If what you care about is standing real wages why talk about inequality? I'm concerned that it just functions better as rage bait and leads to unproductive policies.
1. it is well established that human pyschology makes relative income and wealth much more significant than absolute. And it doesn't matter which quintile you're in for that to be true.
2. real median household income stayed relatively flat between 1970 and 2012. Since then it has risen again in a significant way.
3. despite the gains in real median household income, the rise in the household income (and net worth) of various upper percentiles (20%, 10%, 5%, 1%, 0.1% ... take your pick) has been very, very much larger. consequently, the "double my income, double Musk's income" line is not a description of what has happened.
4. the percentage of GDP that accrues to capital rather than to labor have gone steadily up since 1980.
If that's what "you've seen", then you aren't looking in the right places.

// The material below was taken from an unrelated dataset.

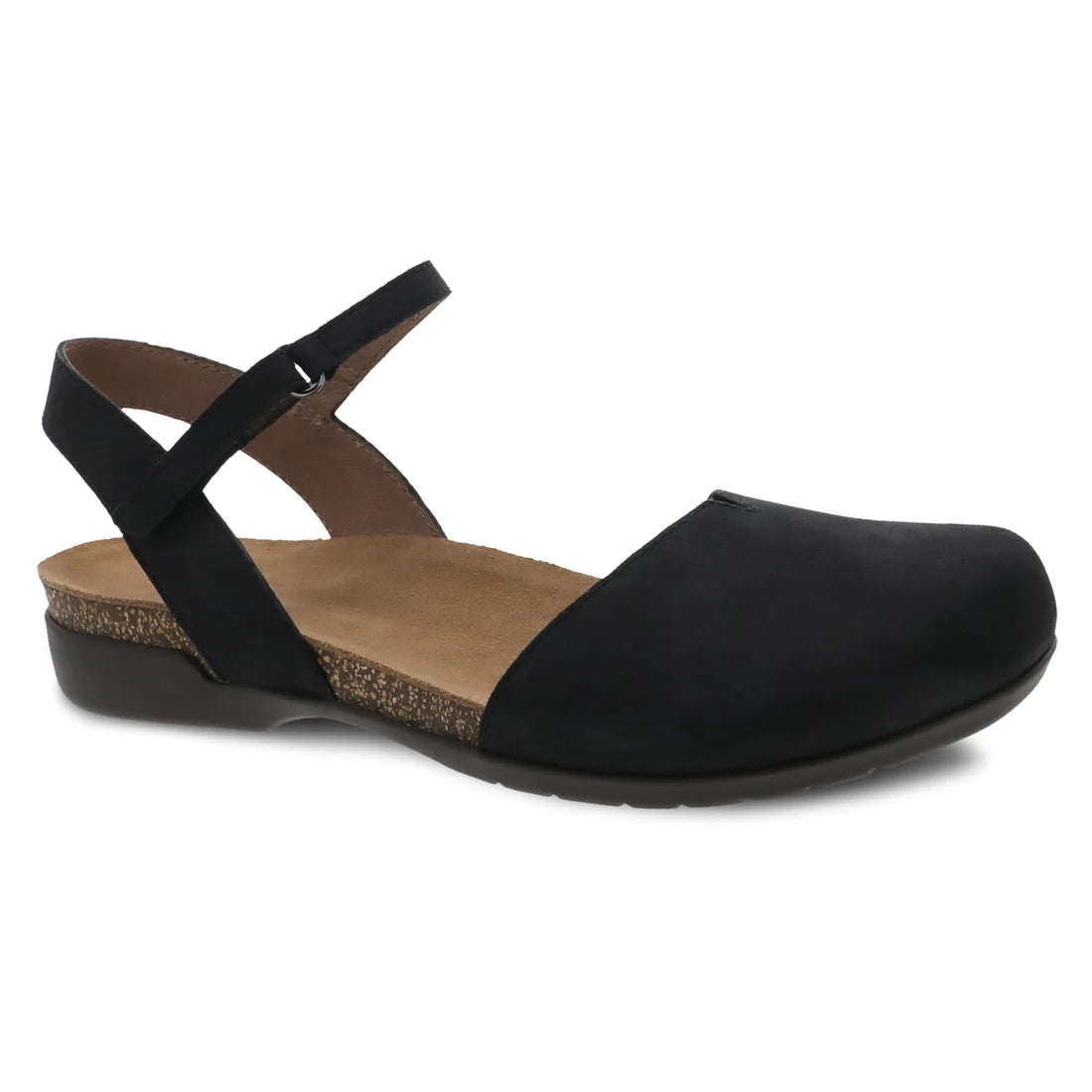 Rowan Milled Nubuck - Black - Women's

Look at the graphs of real wages vs productivity that start pre-1970. Yes, it's true that real wages have gone up some since that time, but they remain completely divorced from productivity in a way that's totally different from the time before Reagan.
Meanwhile, the income/wealth of the highest earners has gone up astronomically during the same time.
They are staggeringly wealthy because they have redirected the flow of money from us to them. This is a very clearly visible and uncontroversial fact. The controversy is simply over whether it is a good thing.
Meanwhile, real (aka inflation corrected) median household income has gone up: https://fred.stlouisfed.org/series/MEHOINUSA672N
If what you care about is standing real wages why talk about inequality? I'm concerned that it just functions better as rage bait and leads to unproductive policies.